▸ Required work
Within the records below, reproduce without change the lines from the line that has "Afghan Wireless 290 AFN Mobile Top-up AF" through the line that has "沖縄マリンサービス碧に投稿された画像（2023/2/15）", and only those.

Records contained in a dataset
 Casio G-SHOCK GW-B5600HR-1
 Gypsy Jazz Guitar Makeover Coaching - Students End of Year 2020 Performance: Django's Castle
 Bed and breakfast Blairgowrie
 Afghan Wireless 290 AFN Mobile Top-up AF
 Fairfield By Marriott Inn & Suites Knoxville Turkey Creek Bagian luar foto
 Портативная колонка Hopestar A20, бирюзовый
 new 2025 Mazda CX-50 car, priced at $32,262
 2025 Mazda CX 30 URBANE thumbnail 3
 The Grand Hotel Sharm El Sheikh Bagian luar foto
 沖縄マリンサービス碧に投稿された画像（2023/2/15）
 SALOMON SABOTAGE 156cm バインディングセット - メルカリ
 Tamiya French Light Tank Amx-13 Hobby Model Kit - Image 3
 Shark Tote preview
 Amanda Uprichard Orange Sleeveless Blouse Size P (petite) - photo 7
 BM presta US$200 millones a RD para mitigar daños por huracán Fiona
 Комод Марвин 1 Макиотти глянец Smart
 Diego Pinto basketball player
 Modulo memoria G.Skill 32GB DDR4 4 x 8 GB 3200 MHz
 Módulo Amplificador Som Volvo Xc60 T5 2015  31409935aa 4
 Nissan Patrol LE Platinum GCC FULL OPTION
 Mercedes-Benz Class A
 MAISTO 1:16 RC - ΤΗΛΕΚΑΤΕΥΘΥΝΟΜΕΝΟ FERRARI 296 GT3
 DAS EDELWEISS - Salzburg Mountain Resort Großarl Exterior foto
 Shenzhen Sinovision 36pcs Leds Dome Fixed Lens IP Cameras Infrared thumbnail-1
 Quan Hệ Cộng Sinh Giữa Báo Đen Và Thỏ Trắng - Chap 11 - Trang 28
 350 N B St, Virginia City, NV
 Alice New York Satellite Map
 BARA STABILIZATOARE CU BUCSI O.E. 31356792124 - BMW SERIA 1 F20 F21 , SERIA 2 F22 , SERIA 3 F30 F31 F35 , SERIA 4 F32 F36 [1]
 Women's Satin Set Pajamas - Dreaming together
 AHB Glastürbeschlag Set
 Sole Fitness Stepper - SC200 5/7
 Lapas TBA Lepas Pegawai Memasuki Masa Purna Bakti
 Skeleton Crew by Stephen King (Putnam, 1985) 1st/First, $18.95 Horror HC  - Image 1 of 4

▸ Result of the task
 Afghan Wireless 290 AFN Mobile Top-up AF
 Fairfield By Marriott Inn & Suites Knoxville Turkey Creek Bagian luar foto
 Портативная колонка Hopestar A20, бирюзовый
 new 2025 Mazda CX-50 car, priced at $32,262
 2025 Mazda CX 30 URBANE thumbnail 3
 The Grand Hotel Sharm El Sheikh Bagian luar foto
 沖縄マリンサービス碧に投稿された画像（2023/2/15）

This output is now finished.